Senin, 07 Januari 2008

III KOPERASI WAHYU PERTIWI BERDANDAN POLOS

Pemberdayaan Bukan Impian Kosong

David Morley, kelahiran Amerika 1958, tercatat sebagai pria yang sukses memasarkan berbagai produk mobil. Kunci kesuksesannya ada dalam upaya tiada henti membangun dan menata impian demi impian. Impiannya, hari ini ketegaran hati konsumen luluh oleh presentasinya yang sederhana namun meyakinkan. Besoknya, lagi diimpikan ada ketokan subuh di pintu rumahnya. Siapa lagi kalau bukan konsumen yang tergesa-gesa ingin membeli produknya. Lusa, ada tantangan yang akan mematangkan impiannya. Begitulah seterusnya, impian itu dihidupi dan tentu saja diberi 'injeksi' harapan.

Di belahan bumi lain, di abad ini, hadir Gede Ngurah Wididana alias Pak Oles yang meretas konsep pemberdayaan ekonomi di tanah kelahirannya.
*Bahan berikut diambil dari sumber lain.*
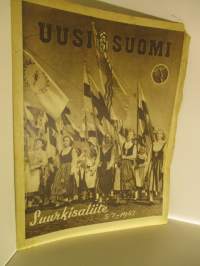 Uusi Suomi 1947 5/7 - Suurkisaliite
Lalu merambah desa lain dan perlahan melintasi kabupaten dan propinsi. Ia melihat, berbagai ideologi dan mazhab besar seperti sosialisme, komunisme, liberalisme dan terakhir kapitalisme mulai kehilangan daya sapa dan para pengikutnya karena tidak membawa KESEJAHTERAAN.
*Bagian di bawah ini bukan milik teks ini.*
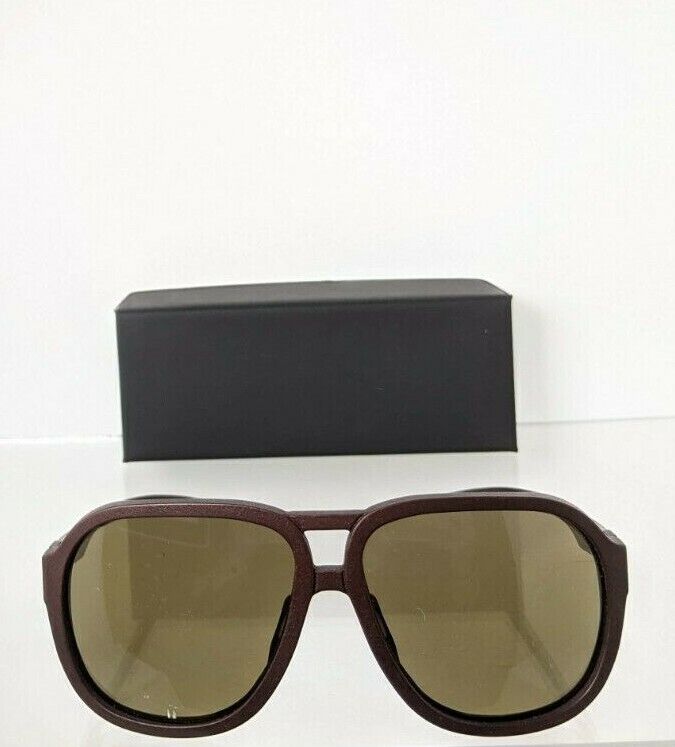 Brand New Authentic ic! Berlin Sunglasses Rakete Bronze 55mm Frame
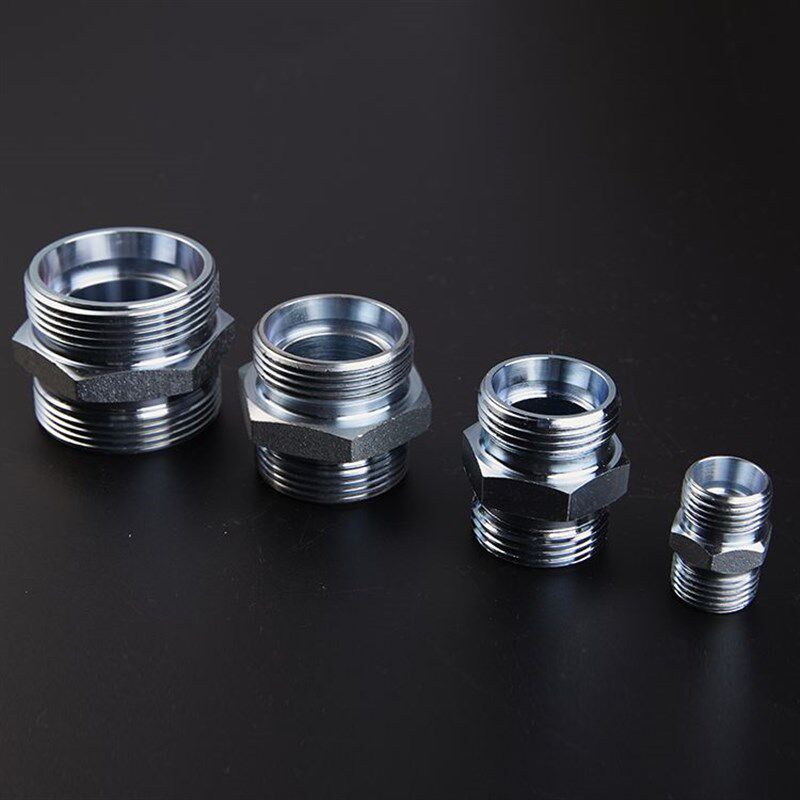 伊顿永华标准24度锥重型卡套式液压公制转公制ED圈1DM-WD系列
Justru sekarang ideologi yang akan diikuti masyarakat dunia adalah ideologi kesejahteraan. Bagaimana menerjemahkan ideologi tersebut dalam praktik nyata bukanlah perkara berat bagi seorang Pak Oles. Impiannya sangat sederhana sebagai seorang anak desa. Pembangunan harus dimulai dari desa. Jika SDM masyarakat pedesaan memiliki kualitas kompetitif, maka dengan sendirinya kota akan maju dan bangsa berkembang jaya. Sebaliknya, pembangunan industri di kota-kota besar disertai arus urbanisasi justru hanya memindahkan kemiskinan dari desa ke kota.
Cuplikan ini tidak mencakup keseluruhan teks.